Now you can follow this to do training and testing.

Argoverse

We only utilize the videos from the official validation set for testing. First, download the 3D-tracking annotations and frames (validation set) from Argoverse.

  1. Sample and rename the frames as well as getting the tracking annotation into formats we like (transform from 3D to 2D).
$ python code/get_prepared_data_argoverse.py argoverse-tracking/val/ \
val_frames_renamed prepared_data_val

Based on the data I downloaded from Argoverse in Sept. 2019, the code will skip 8 videos and result with only 16 of the validation videos due to video length.

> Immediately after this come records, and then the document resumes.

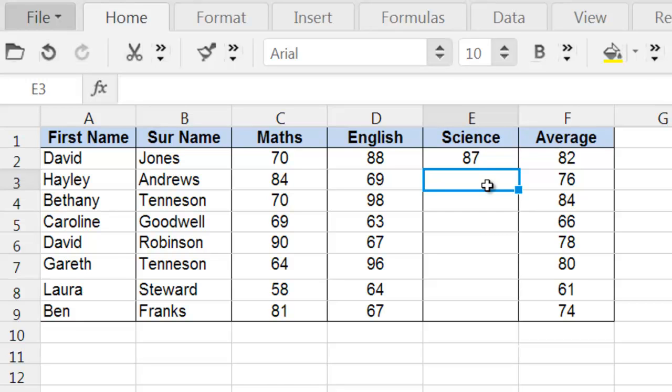Now, you see how time-consuming that is to try to guess what the value needs to be in order to get a particular target? So instead, we can use the Goal Seek tool to calculate it easily.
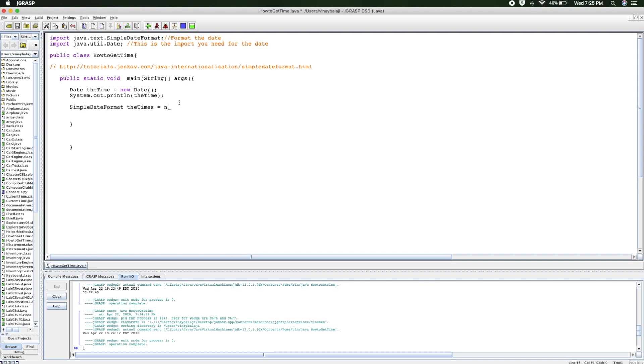We have the format, like how we would like to format our date. So we'll do hours, minutes, seconds.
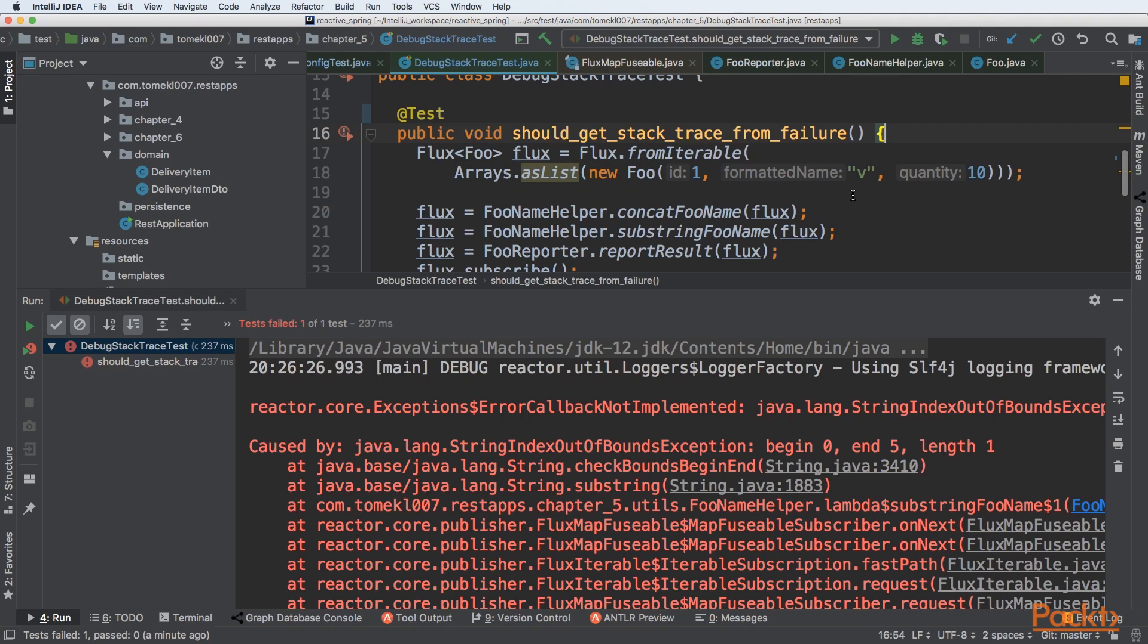We want to resume processing of different elements and continue our reactive flow. Because in this example, one error could impact the processing of all the users. This is not an ideal situation and we want to improve it.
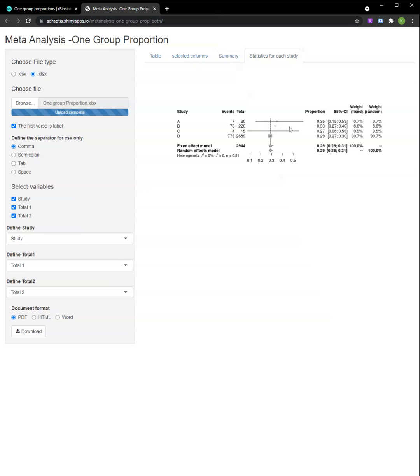Under the tab Statistics for each study, each study is categorized with their events to samples, their confidence interval, and their weight attributed to the final proportion calculation.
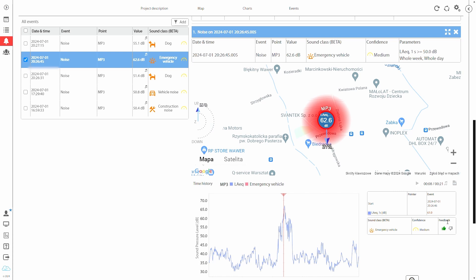We invite you to share your feedback by using the feedback icons. The more data the AI model is fed, the more precise the results will be in the future.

Optionally, you can visualize the annotations:

$ python code/visualize_sdd_annotation.py prepared_data_val/ val_frames_renamed/ \
vis_gt --vis_num_frame_per_video 10 --for_argoverse
  1. Get scene segmentation features
$ find $PWD/val_frames_renamed/ -name "*.jpg" > val_frames_renamed.lst
$ python code/extract_scene_seg.py val_frames_renamed.lst deeplabv3_xception_ade20k_train/frozen_inference_graph.pb \
scene_seg_36x64_argoverse --every 1 --down_rate 8.0 --job 1 --gpuid 0 --save_two_level
  1. Proprocess!
$ python code/preprocess.py prepared_data_val/traj_2.5fps/ argoverse_prepro --obs_len 8 \
 --pred_len 12 --add_scene --scene_feat_path scene_seg_36x64_argoverse/ --direct_scene_feat \
 --scene_id2name packed_prepro/scene36_64_id2name_top10.json --scene_h 36 \
 --scene_w 64 --grid_strides 2,4 --video_h 1080 --video_w 1920 \
 --add_grid --add_all_reg

Now you can follow this to do testing.